The OCI Data Science service uses conda environments to manage the available libraries that a notebook can use. OCI The Data Science service provides a number of conda environments designed to give you the best in class libraries for common data science tasks. A family can consist of one or more conda environments. Each family of conda environments has notebooks that demonstrate how to perform different data science tasks. This section is organized around these conda environment families and provides the notebooks that you need to get you started quickly.
- data_exploration_and_manipulation: The Data Exploration and Manipulation conda environment family gives you the tools that you need to perform exploratory data analysis and develop a deeper understanding of the data that you are working with.
- natural_language_processing: The Natural Language Processing conda environment family provides the libraries to perform cutting edge NLP tasks.
- onnx: ONNX is a standard format to represent machine learning models. It is also the preferred format for storing models in the OCI Data Science service. The ONNX conda environment family enables you to work with ONNX files.
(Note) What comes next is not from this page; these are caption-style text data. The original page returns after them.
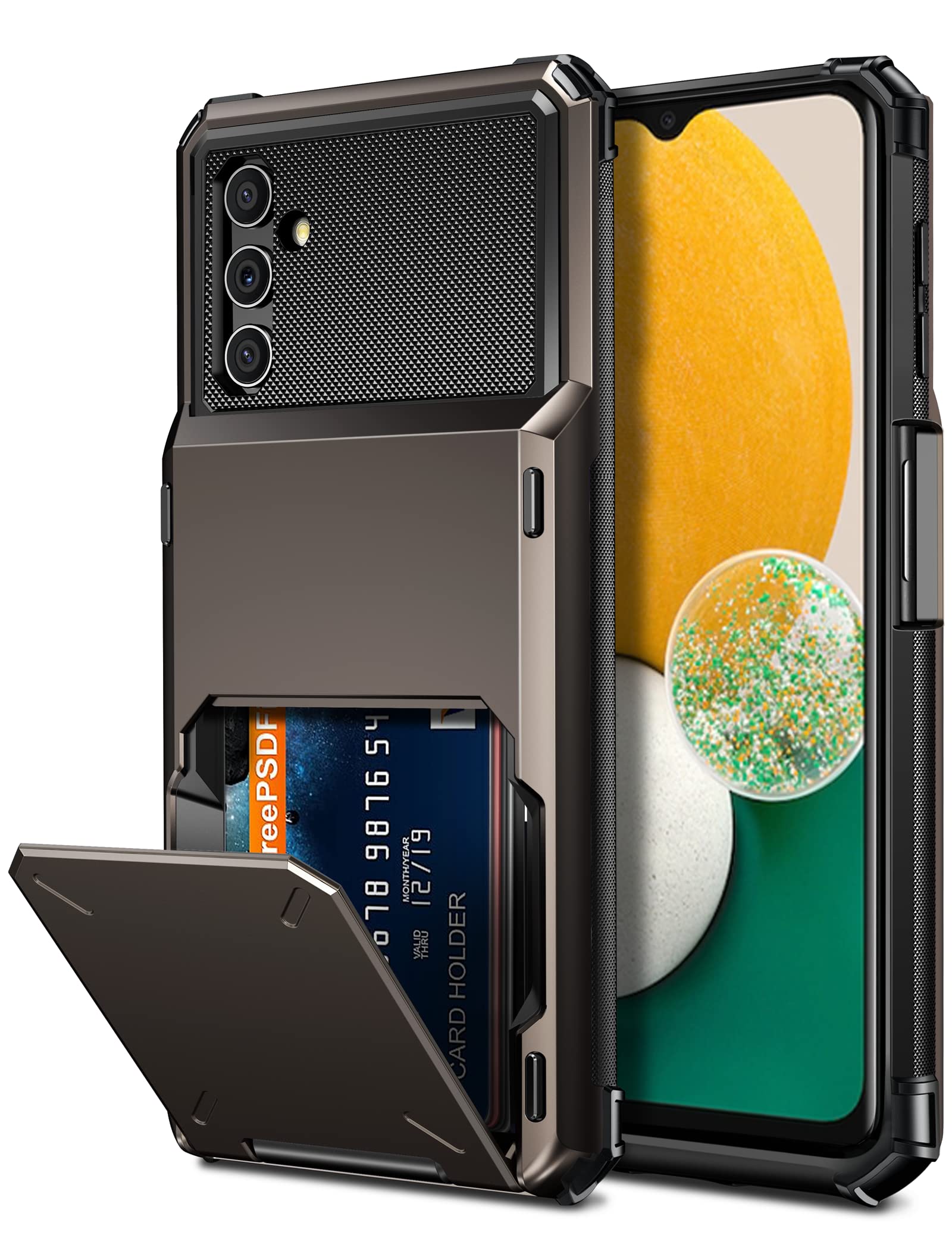 Vofolen for Galaxy A13 Case Wallet Cover 4-Card Credit Card Holder ID Slot Scratch Resistant Dual Layer Hybrid Protective Hard Shell Rugged TPU Bumper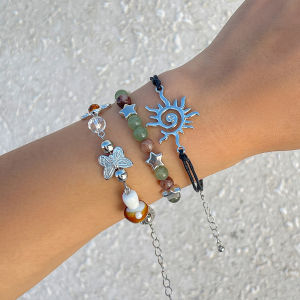 Ingemark 3Pcs Kpop Mushroom Butterfly Chain Bracelets Set for Women Summer Wed Bridal Boho Flower Bead Charm Bangles Y2K Jewelry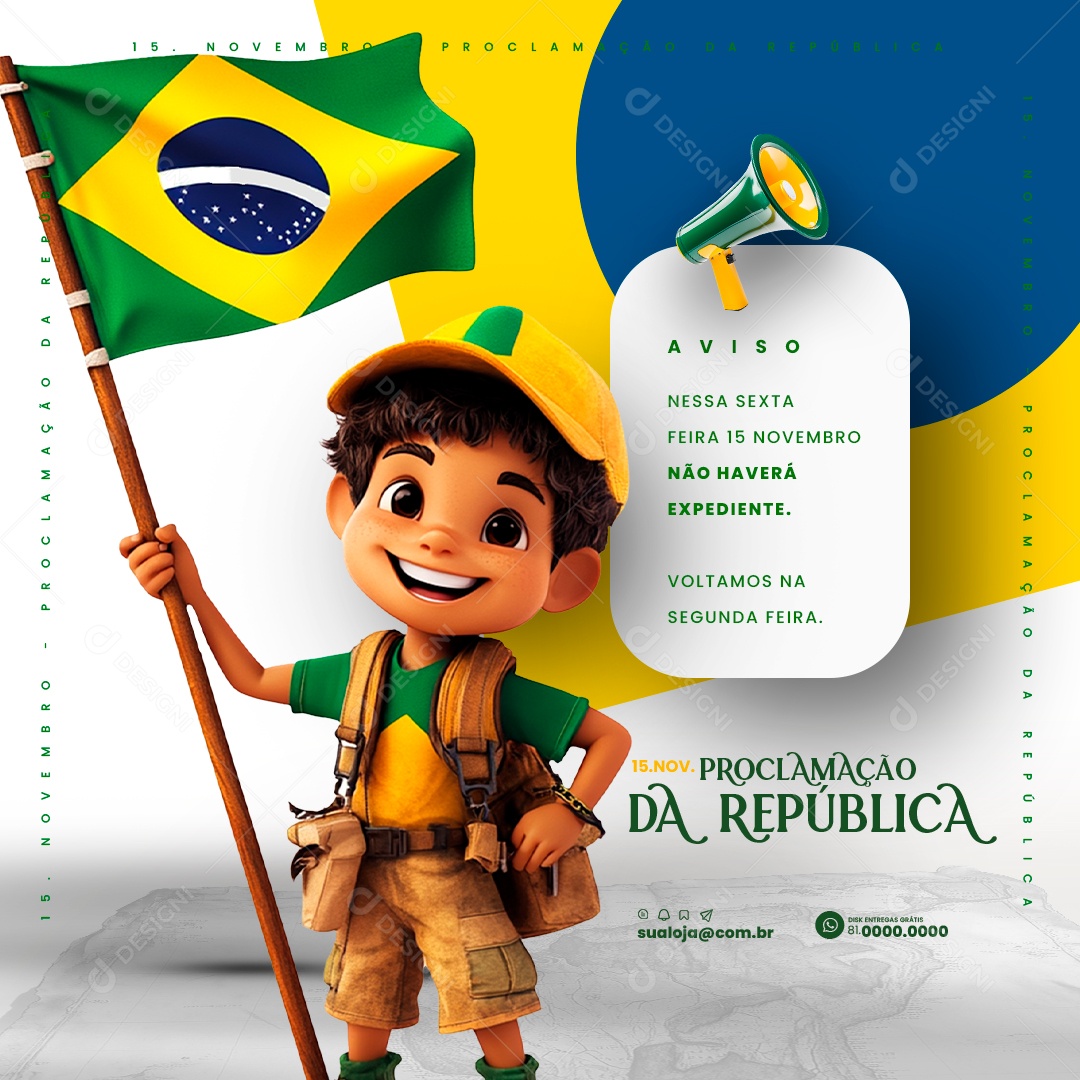 Social Media Comunicado Feriado Proclamação da República PSD Editável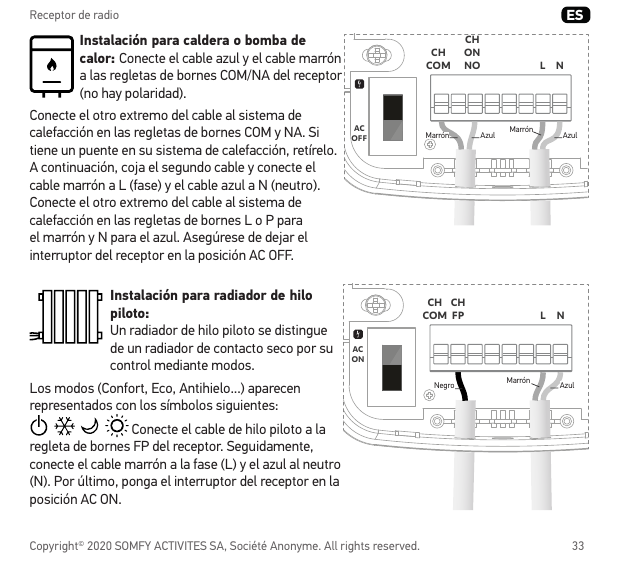 Esquemas de cableado de las regletas para caldera/bomba de calor y radiador de hilo piloto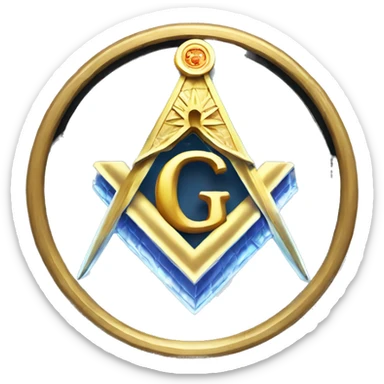 freemason light shining with letter g sticker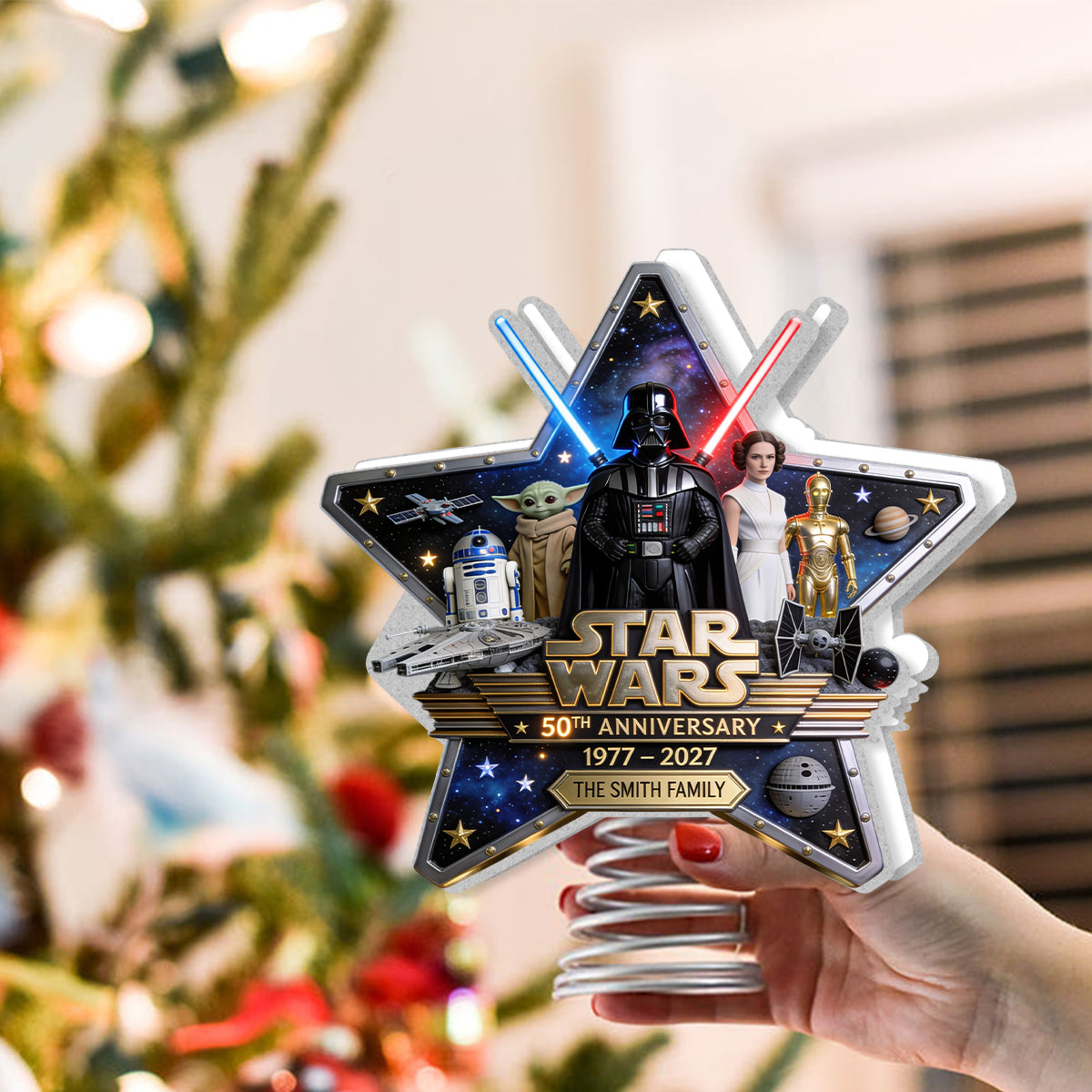 War Among The Stars 50th Anniversary - Personalized The Force LED Light Tree Topper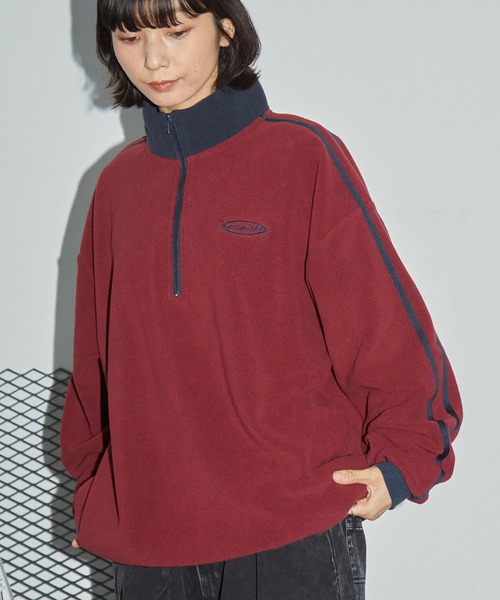 Anchor Smith（アンカー スミス）の「オーバーサイズ サイドライン ハーフジップフリースプルオーバー（スウェット・メンズ・ブルー系/ブラック/ベージュ/ボルドー/ブルー/チャコール/オレンジ/アイボリー/チャコールグレー/アッシュブラウン/ホワイト・M/L）」の19枚目の写真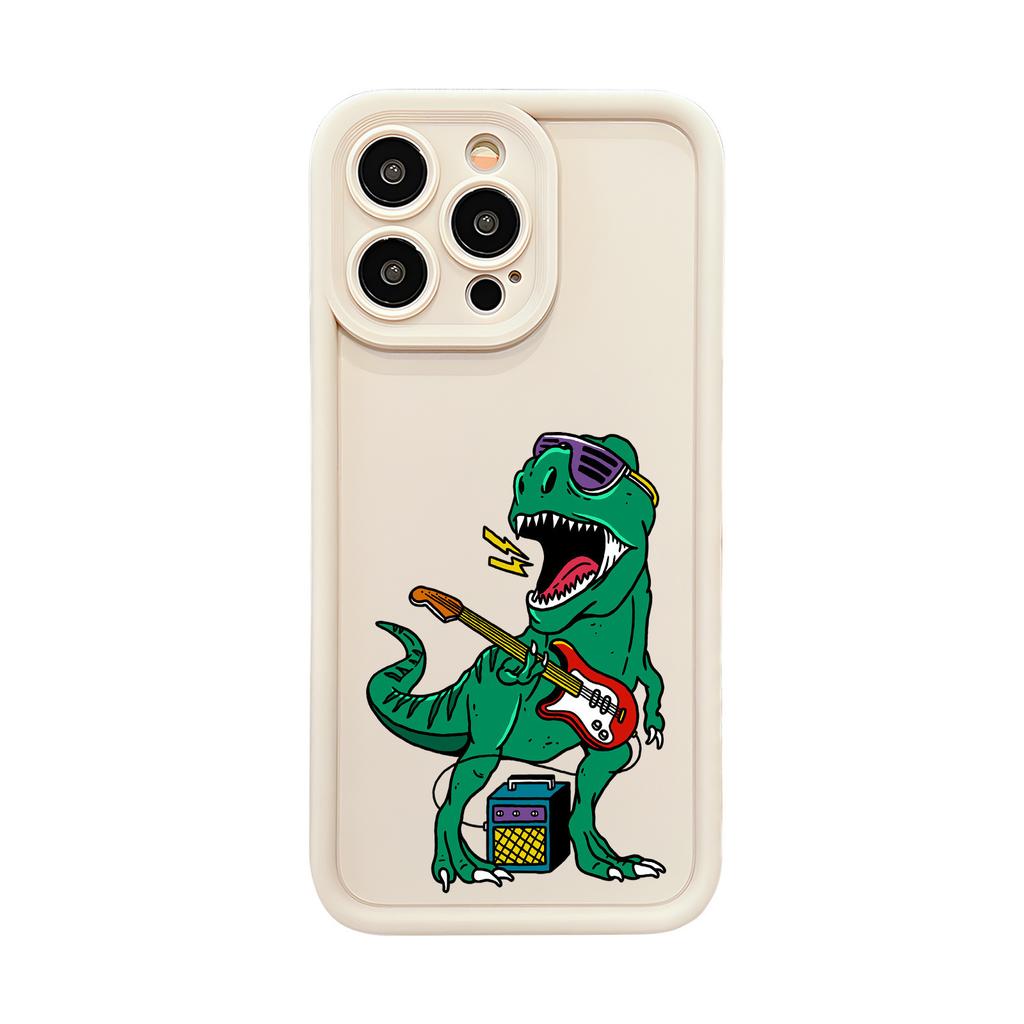 Emery for iPhone 16 ProMax matte non-slip silicone mobile phone case creative cartoon dinosaur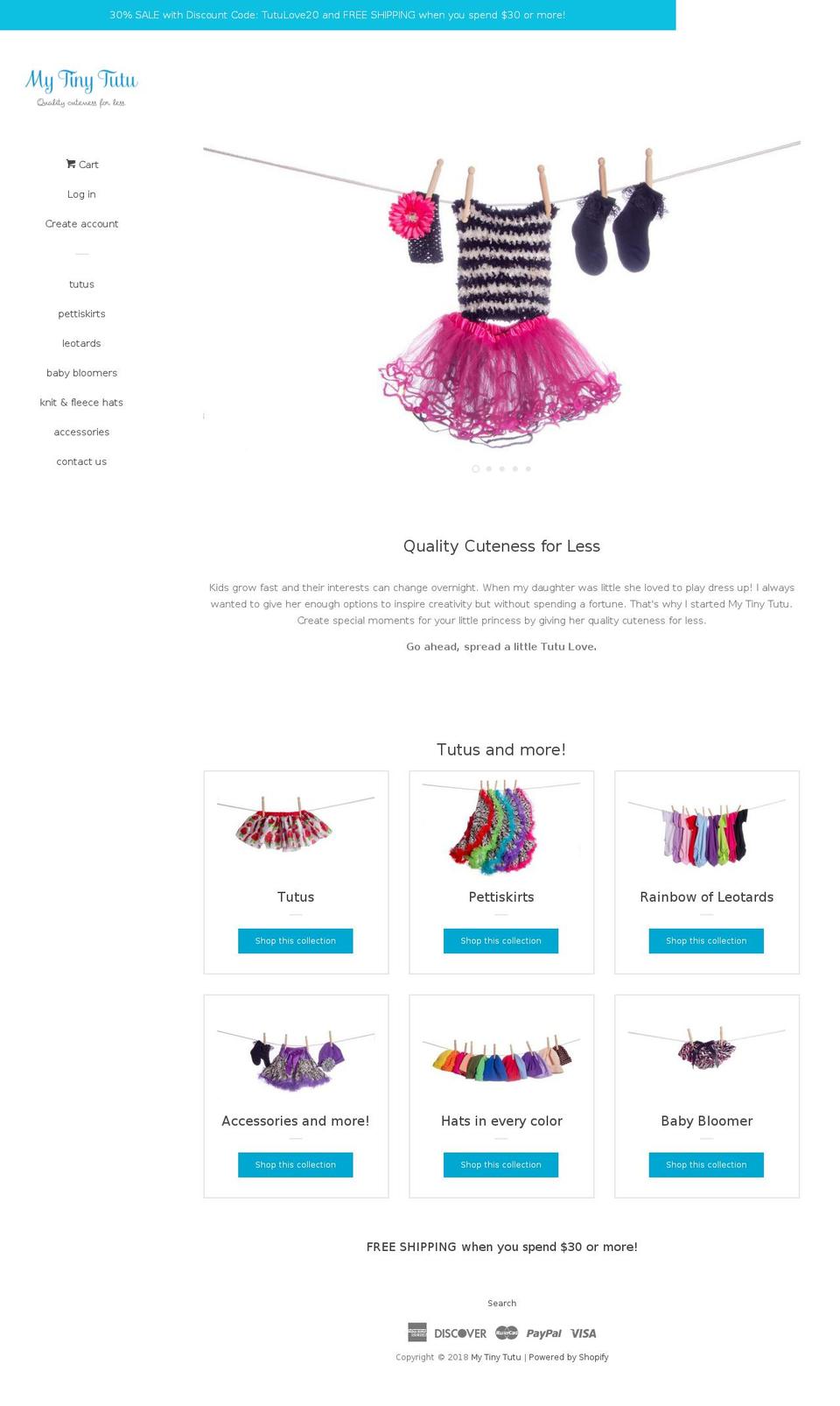 mytinytutu.com — Shopify storefront screenshot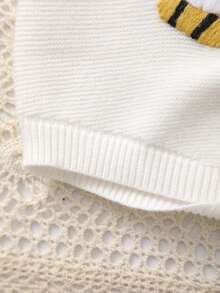 Infant Girls' Knitted Suspender Cute Bee Handmade Embroidery Sweet Suspender Bodysuit - White - View 5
- oracle_database: The Oracle Database conda environment family is focused on the tools that are needed it interact with databases in general. However, there is an emphasis on using the Oracle Autonomous Databases.
- pypgx: PyPGX is a graph toolkit based on the Parallel Graph AnalytiX (PGX libraries. The PyPGX conda environment family provides a graph query language (PGQL), optimized analytics algorithms, and graph machine learning tools.
- pyspark: The PySpark conda environment family allows you to create and run PySpark operations within the notebook session. It is also a great create and debug PySpark application before submitting them to the OCI Data Flow service which is OCI's Spark service.
- pytorch: PyTorch is a machine learning library that is used in applications such as NLP, computer vision, and much more. The PyTorch conda environment family supports CPU and GPU versions.
- rapids: RAPIDS is a GPU-only library that is designed for data science workflows. The RAPIDS conda environment family enables you to make the most out of OCIs NVIDIA GPU based computing.
- tensorflow: TensorFlow is a machine learning platform that is focused on deep neural networks. The TensorFlow conda environment family has support for CPU and GPU.